Omit the pictures. Transcribe exactly the lines below, from the one with "Vintage Chicago Bulls" up to and including the last.

BEGIN Given entries

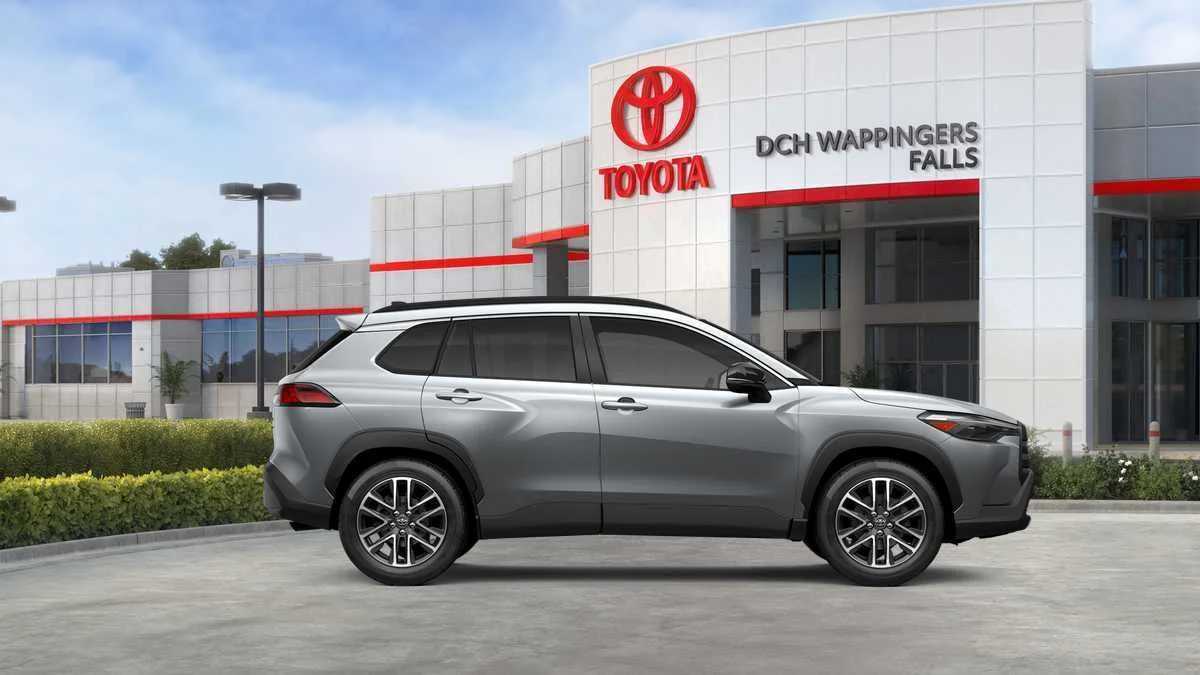 Thumbnail: 2026 Toyota Corolla Cross - 14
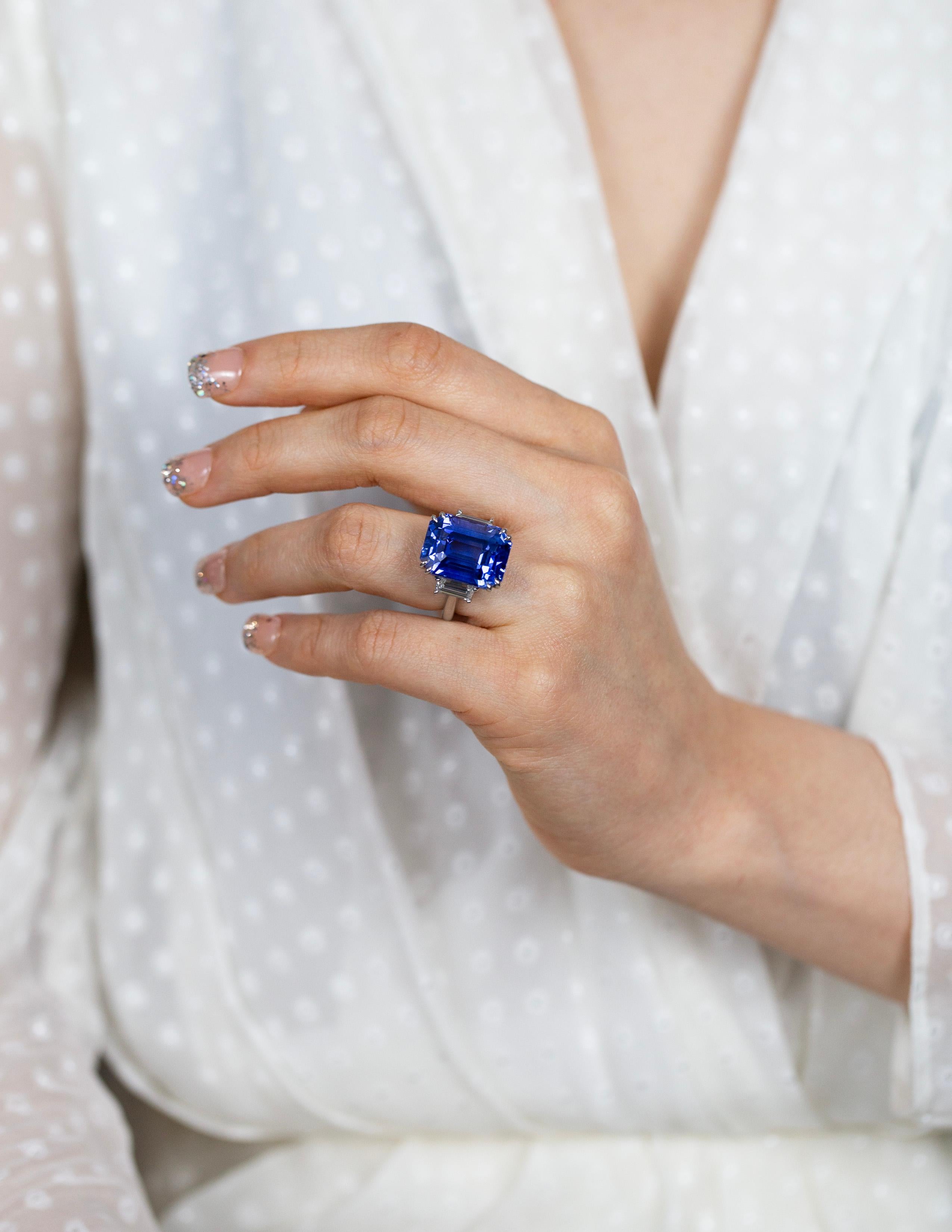 Bague de fiançailles avec saphir bleu de Ceylan taille émeraude de 26,14 carats et diamants en vente 1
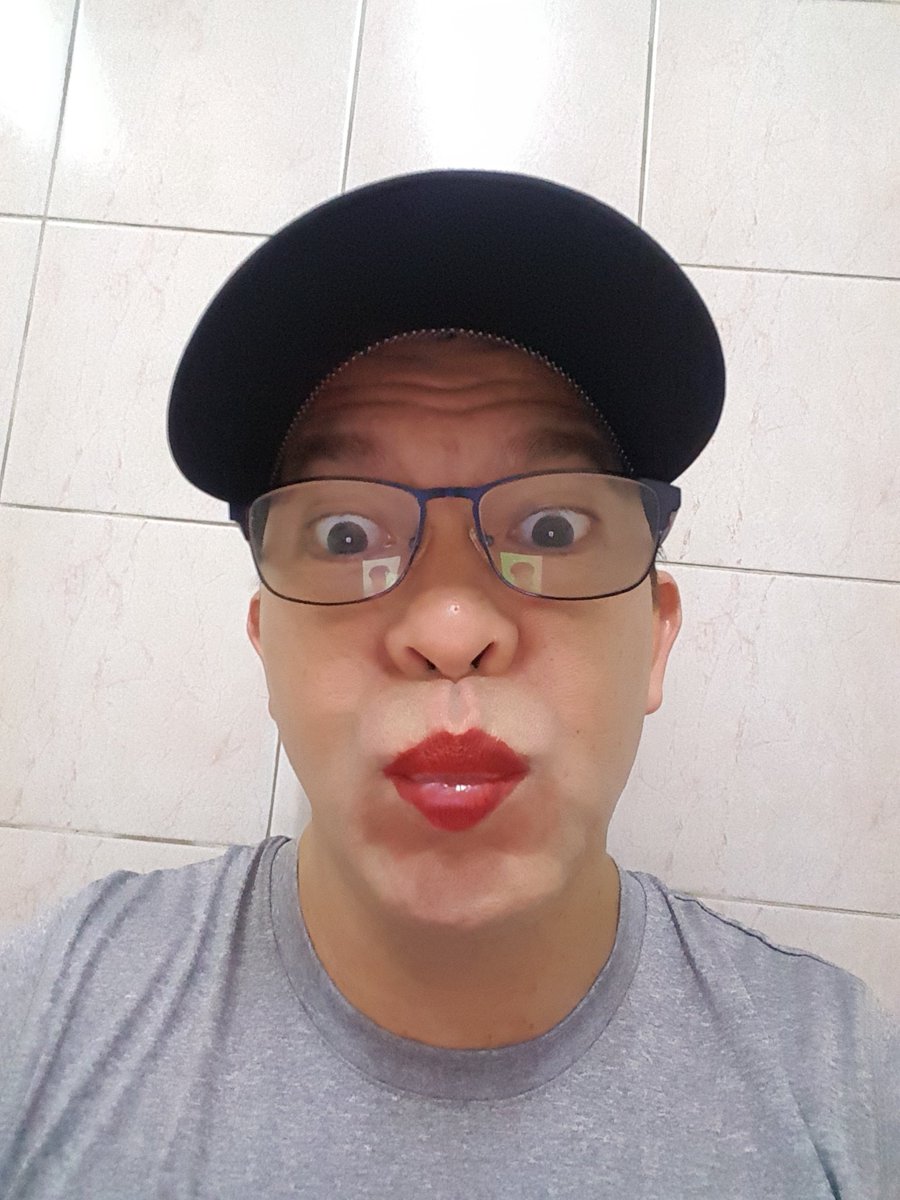 R_FAULKERSoN's tweet photo. Pa kith nga po. 😂🤣😁💄 https://t.co/NkkykiFlel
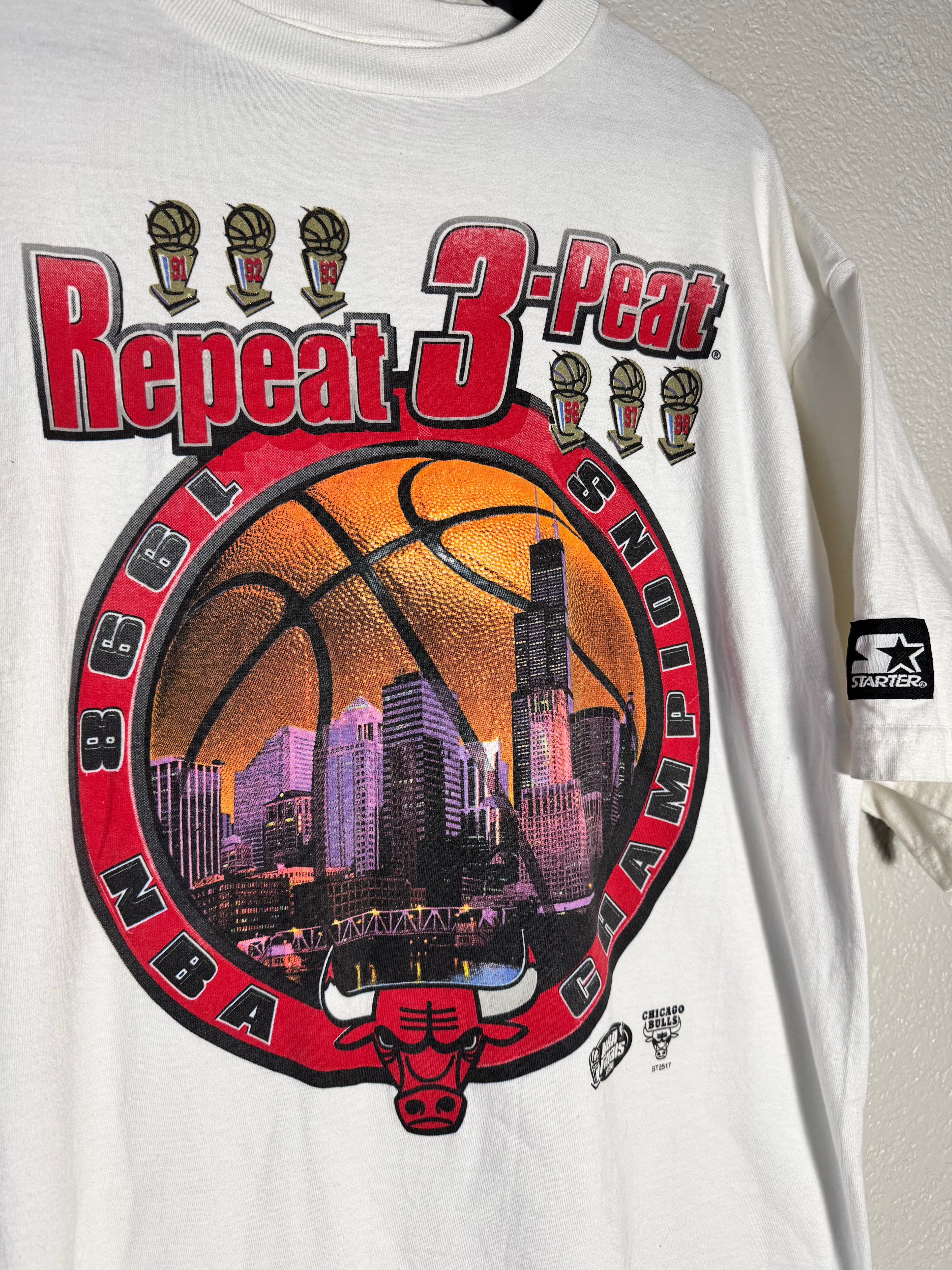 Vintage Chicago Bulls Repeat 3-Peat NBA Champions T-Shirt Size Large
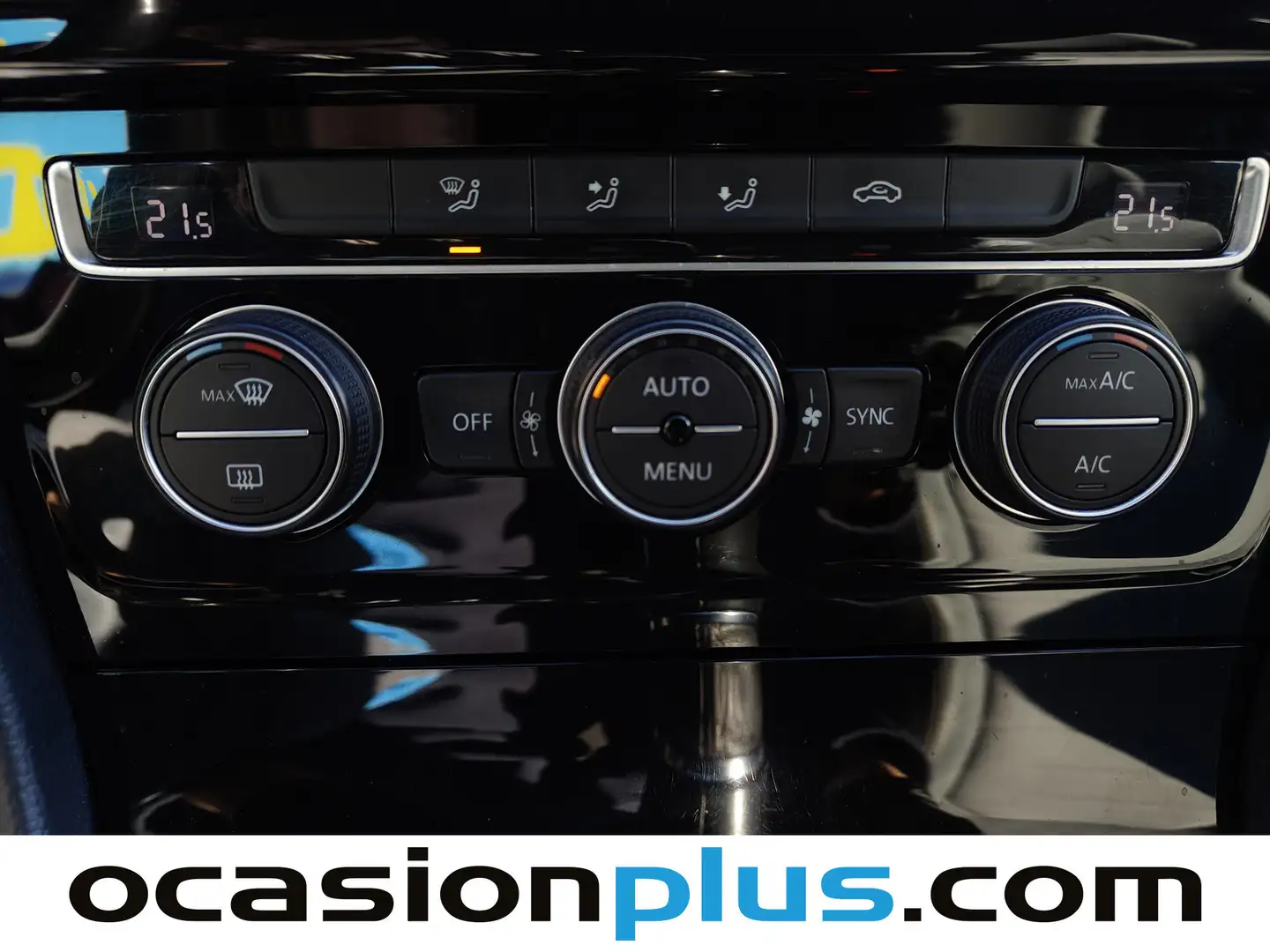 Foto Volkswagen Golf Volkswagen Golf Sport 1.6 TDI BMT (110 CV) Pack R-Line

END Given entries

Answer below -
 Vintage Chicago Bulls Repeat 3-Peat NBA Champions T-Shirt Size Large
 Foto Volkswagen Golf Volkswagen Golf Sport 1.6 TDI BMT (110 CV) Pack R-Line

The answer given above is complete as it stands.